If you've ever seen "The Godfather" or read the book on which the 1972 film is based, you probably remember the character Johnny Fontaine. In the story, Fontaine was a famous singer whose dashing good looks and sensational voice crippled women and drove them to the brink of madness from desire. He was a cigarette-chieffing, scotch-sipping ladies' man who every man wanted to be and every woman wanted to seduce. Sound familiar? Well, it certainly did to Frank Sinatra. According to USA Today, the "New York, New York" singer accused Mario Puzo of concocting a character who was nothing more than a grotesque, distorted caricature of himself. While the author insisted that this wasn't the case, Sinatra didn't care to entertain an explanation.

Sinatra even went so far as to threaten Al Martino, who portrayed Johnny Fontaine in the film, with ex-communication from the Las Vegas nightclubs he routinely performed at if he agreed to take the role. "'If you take the role, Sinatra will bar you from Las Vegas,'" Martino recalled being told. "I'm the last guy you could threaten. I got hard-nosed about it. I took the bull by the horns!" Luckily, his choice to join the cast of "The Godfather" didn't disrupt his singing career, and Martino continued to perform in Las Vegas without any trouble, as USA Today reports.

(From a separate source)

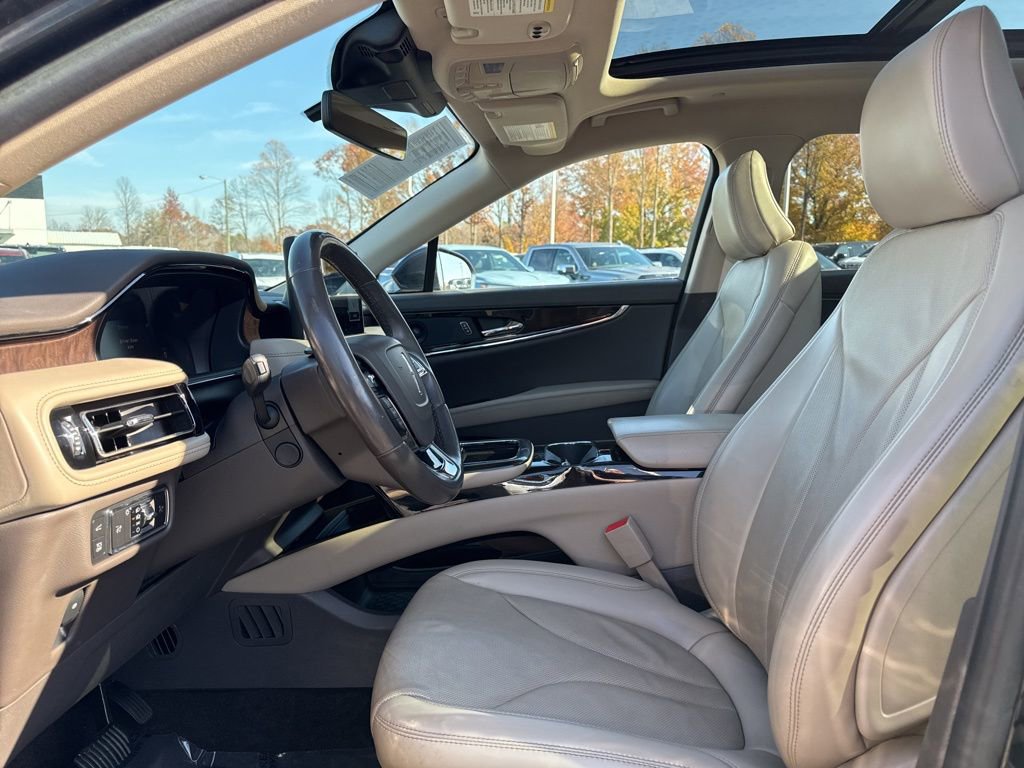 Used 2021 Lincoln Nautilus Reserve image 9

Sinatra's choice words to Mario Puzo

Frank Sinatra and Mario Puzo once had an unsavory run-in at Chasen's, a restaurant in Beverley Hills, according to The Hollywood Reporter – and all their bubbling animosity came to a head. Puzo's friend, who was unaware of the bad blood between the two, noticed that they were both dining in the same establishment and wanted to introduce them to one another. As you'd probably expect, it didn't go so well, and onlookers recall hearing "shouts of abuse" coming from the far side of the room as Sinatra opened verbal fire on the man he so despised. "Choke. Go ahead and choke," he barked (via USA Today). Luckily, things didn't get physical, and the two went their separate ways without ever having to interact again. A re-enactment of the infamous confrontation between Puzo and Sinatra appeared in Paramount's popular new series "The Offer." In the show, Puzo seizes a dinner fork and tries to stab the singer with it, but as we now know, things didn't go that far.

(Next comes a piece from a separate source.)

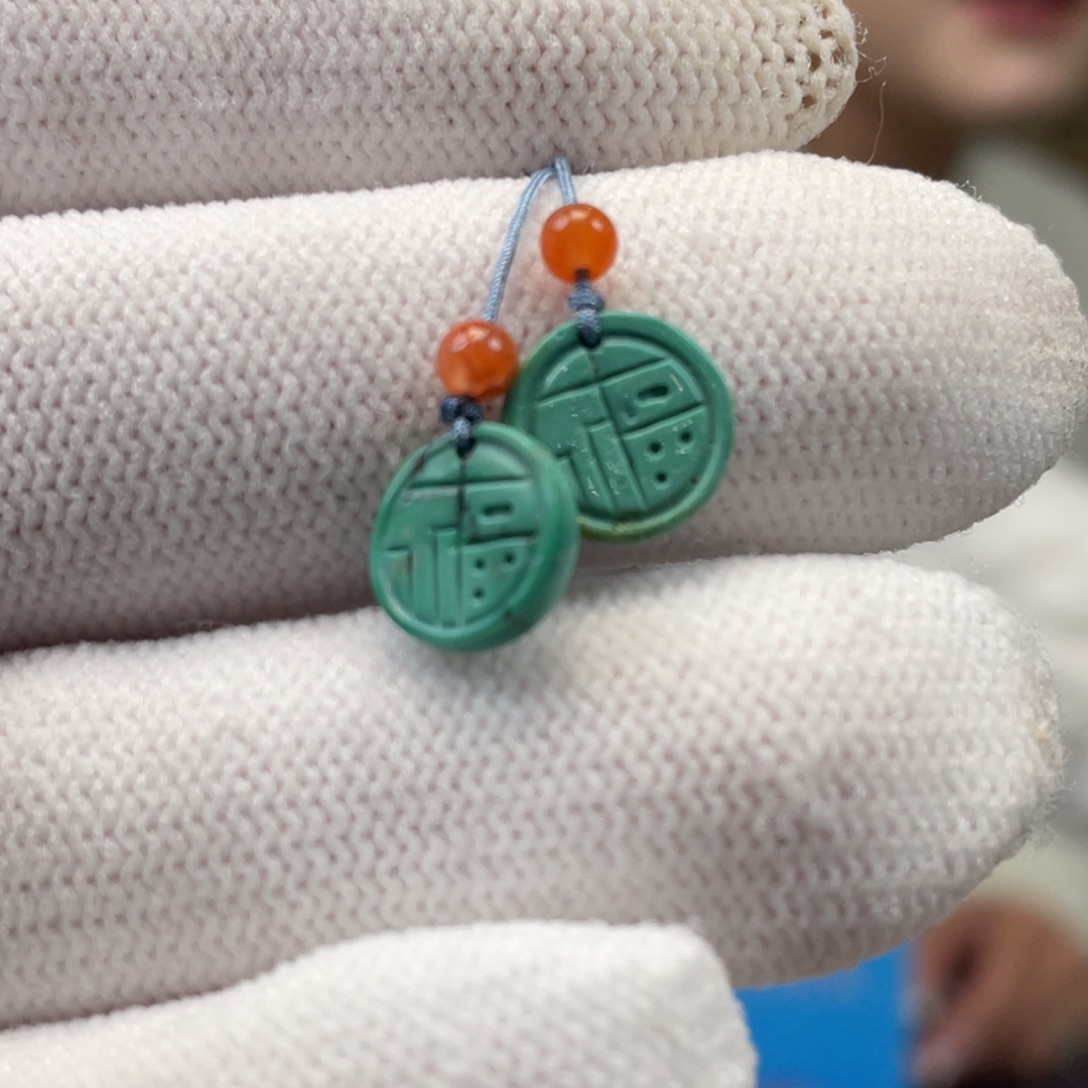 绿松石未镶嵌挂件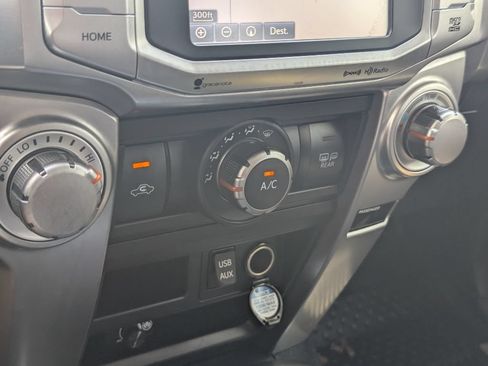 Used 2018 Toyota 4Runner SR5 Premium AWD/4WD image 18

"What hurt was, here he was, a Northern Italian, threatening me, a Southern Italian, with physical violence," Puzo later recalled. He described it as "roughly equivalent to Einstein pulling a knife on Al Capone" (per USA Today). If Sinatra had it his way, there's a good chance he would have slapped the author around the same way Don Corleone slapped Johnny Fontaine in "The Godfather's" opening scene.